The latest supposed victim is top UFC middleweight contender and current Republican nominee for Oregon State Representative Chael Sonnen, who's taking heat in an article today on the Huffington Post for remarks on a Twitter account that purports to be his.
The complicating factor – and this is where the story starts to sound familiar to anyone who followed the Jamie Yager saga last week – is that Sonnen has, according to the Huffington Post, called the account (Twitter.com/sonnench) a fake after he was contacted by reporters about some off-color comments that appear on the page.
Among the ten tweets currently listed since the account was created in February, one refers to Nate Marquardt as "Chief go home Lumpy," four criticize Anderson Silva in some way, two link to Sonnen's campaign website, and one threatens crucifixion for someone named Ed, who may or may not be Silva's manager Ed Soares.
In other words, if the account is a fake, someone is doing a pretty good job of imitating the over-the-top, abrasive tone that the real Sonnen has adopted in recent months.
Sonnen did not immediately respond to a request for comment about the Twitter account, but at the very least the UFC seems to be under the impression that it's his account, as @sonnench appears right between @ChuckLiddell and @SugaRashadEvans on the UFC's Twitter follow list.
What's more, an account claiming to be the "Official Campaign Twitter" of Sonnen (Twitter.com/VoteSonnen) is following only one other Twitter user, and you can probably guess which one (hint: it's not the Iron Sheik).

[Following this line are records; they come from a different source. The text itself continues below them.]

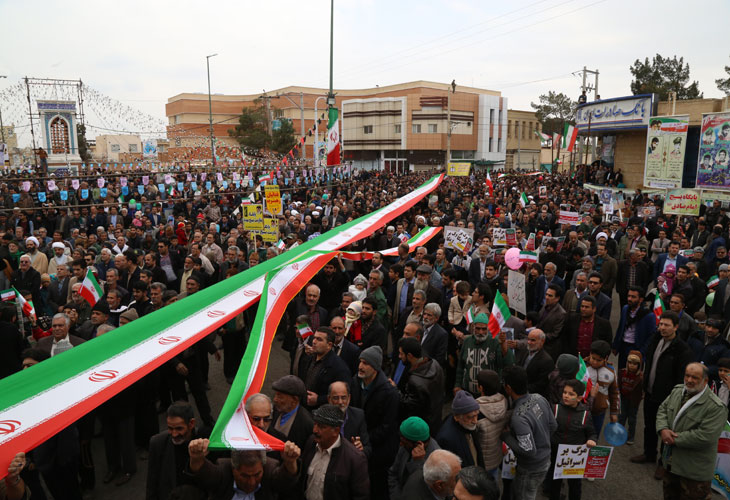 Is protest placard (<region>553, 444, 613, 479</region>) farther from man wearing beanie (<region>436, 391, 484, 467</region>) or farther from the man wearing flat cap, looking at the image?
the man wearing flat cap

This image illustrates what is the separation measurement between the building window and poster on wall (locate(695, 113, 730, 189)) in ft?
216

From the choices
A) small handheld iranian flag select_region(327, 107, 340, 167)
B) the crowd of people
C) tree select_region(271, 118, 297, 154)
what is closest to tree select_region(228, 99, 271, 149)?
tree select_region(271, 118, 297, 154)

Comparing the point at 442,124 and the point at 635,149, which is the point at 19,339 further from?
the point at 442,124

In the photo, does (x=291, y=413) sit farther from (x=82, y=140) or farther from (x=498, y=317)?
(x=82, y=140)

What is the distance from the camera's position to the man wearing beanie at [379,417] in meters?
4.01

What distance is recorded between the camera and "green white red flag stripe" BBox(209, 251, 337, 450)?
3.15m

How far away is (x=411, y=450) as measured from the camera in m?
3.36

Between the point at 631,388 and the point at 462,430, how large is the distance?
2.76 meters

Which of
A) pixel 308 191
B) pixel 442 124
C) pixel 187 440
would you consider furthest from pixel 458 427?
pixel 442 124

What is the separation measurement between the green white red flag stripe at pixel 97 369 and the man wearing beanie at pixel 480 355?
98.0 inches

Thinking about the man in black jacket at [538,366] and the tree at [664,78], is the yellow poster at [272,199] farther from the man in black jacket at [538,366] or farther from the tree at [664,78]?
the tree at [664,78]

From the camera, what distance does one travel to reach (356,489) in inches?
129

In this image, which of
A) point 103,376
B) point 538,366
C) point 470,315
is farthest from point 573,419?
point 103,376

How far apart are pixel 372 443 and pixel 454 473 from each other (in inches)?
47.5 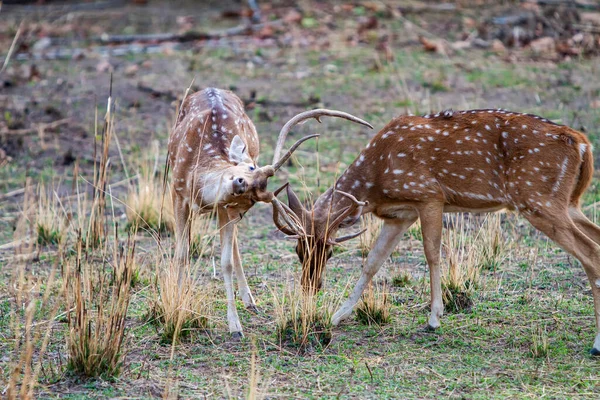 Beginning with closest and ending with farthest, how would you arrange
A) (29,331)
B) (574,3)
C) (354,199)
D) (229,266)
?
(29,331), (354,199), (229,266), (574,3)

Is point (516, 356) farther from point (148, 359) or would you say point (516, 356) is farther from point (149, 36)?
point (149, 36)

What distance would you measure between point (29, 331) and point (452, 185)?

That tends to make one think that either this alleged online impersonator has been very busy creating and then barely maintaining Twitter accounts, or else he's so good that he even fooled Sonnen's campaign.
Whether the account is his or not, the tweets drew the attention of The Huffington Post's Dedrick Muhammad, who called the comments "racist and xenophobic" in an article that questioned why Sonnen's political campaign hadn't done more to distance itself from a supposedly fake account that reflected so poorly on their candidate.
That's one question that springs to mind. Another is, if you were going to create a fake Twitter account for someone, and if that account quickly gained almost 6,000 followers, wouldn't you do more with it? Maybe I don't completely understand the mind of someone who would create a fake Twitter in the first place, but it seems like it's hardly worth the trouble for ten tweets in six months, especially if two of them link to Sonnen's actual campaign website.
Anyone who's watched as Sonnen has gradually adopted a pro wrestling-style persona to help him hype fights and gain notoriety in his UFC career can't exactly be shocked at the comments on the Twitter, none of which seem so different from anything he's said in interviews.
That's one thing for Sonnen the fighter, who fans have learned not to take all that seriously. For Sonnen the political candidate, however, it has the potential to become a bit of a problem if not dealt with quickly.